◆ Information supplied
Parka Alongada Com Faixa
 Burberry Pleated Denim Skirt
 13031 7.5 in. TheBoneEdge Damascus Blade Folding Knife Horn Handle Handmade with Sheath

◆ Task
Keeping each word as given, write out the material above.

◆ Answer box
Parka Alongada Com Faixa
 Burberry Pleated Denim Skirt
 13031 7.5 in. TheBoneEdge Damascus Blade Folding Knife Horn Handle Handmade with Sheath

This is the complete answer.